Work instructions: Restate the listing below word for word. No picture belongs in the result.

Recorded data:
▬▬▬

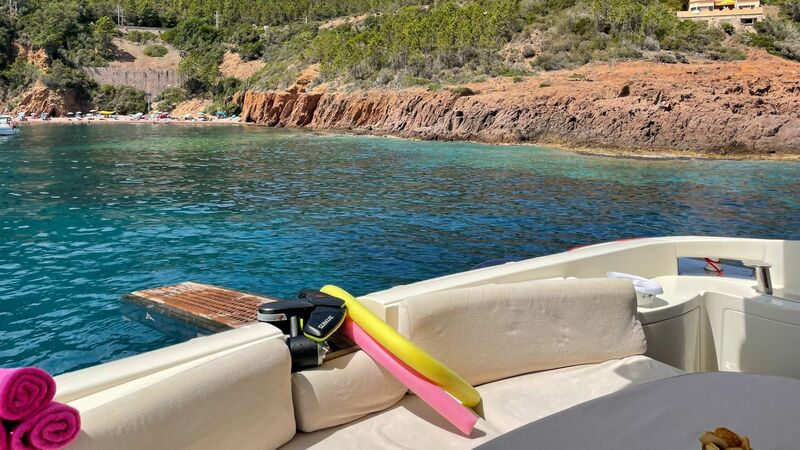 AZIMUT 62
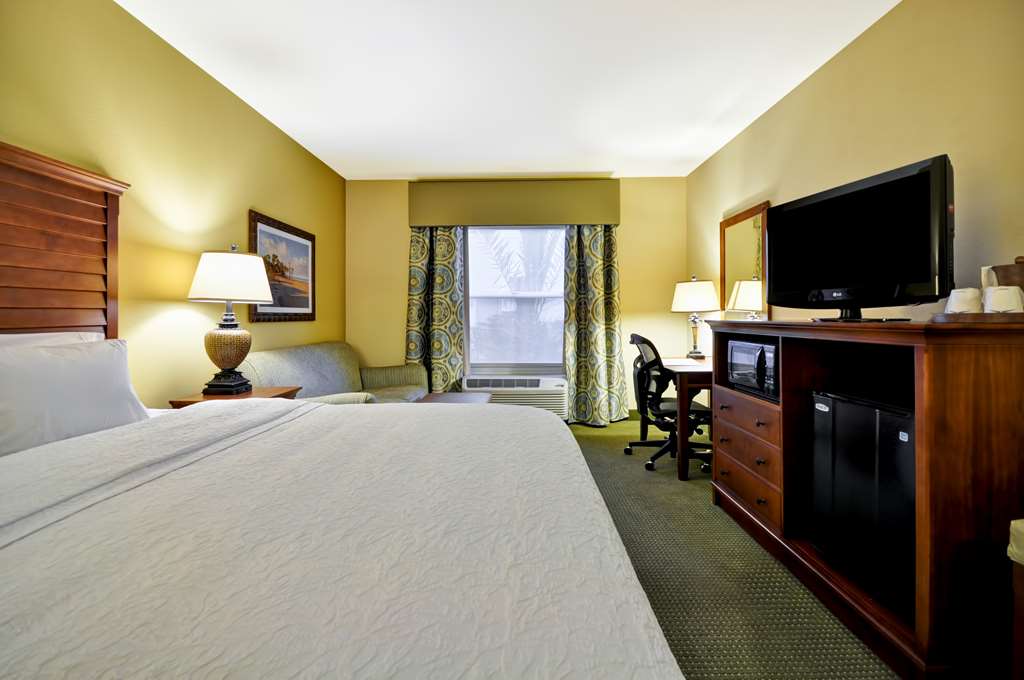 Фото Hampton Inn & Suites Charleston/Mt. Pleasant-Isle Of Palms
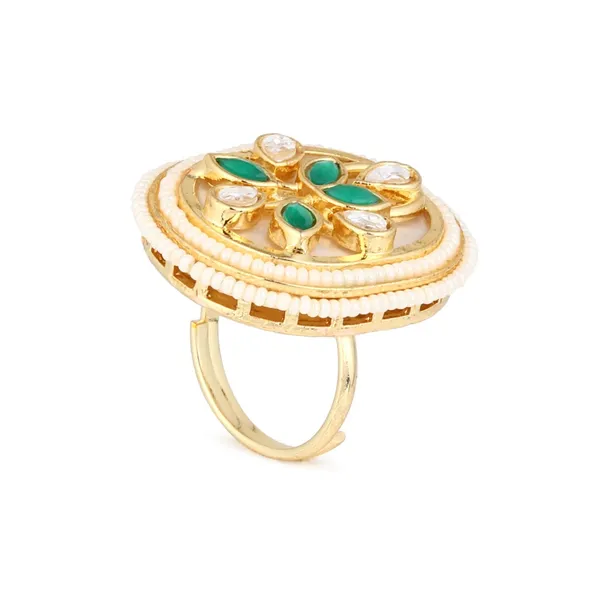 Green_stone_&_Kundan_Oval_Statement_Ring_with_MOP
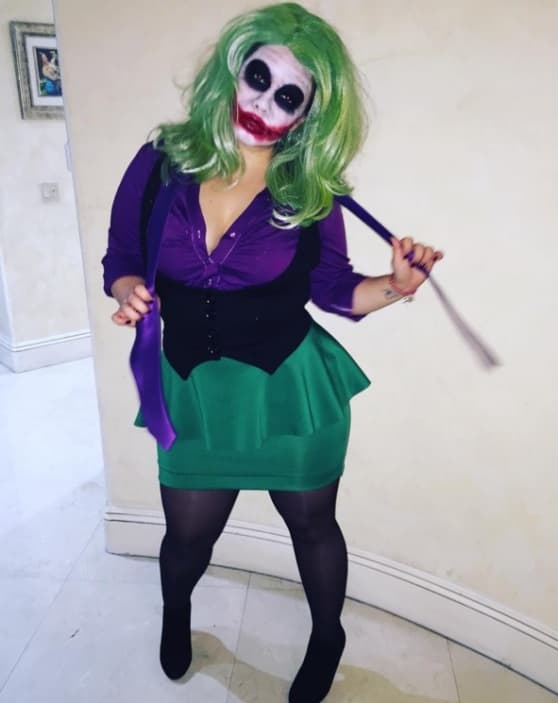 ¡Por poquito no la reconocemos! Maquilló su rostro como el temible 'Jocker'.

▬▬▬

Solution:
 AZIMUT 62
 Фото Hampton Inn & Suites Charleston/Mt. Pleasant-Isle Of Palms
 Green_stone_&_Kundan_Oval_Statement_Ring_with_MOP
 ¡Por poquito no la reconocemos! Maquilló su rostro como el temible 'Jocker'.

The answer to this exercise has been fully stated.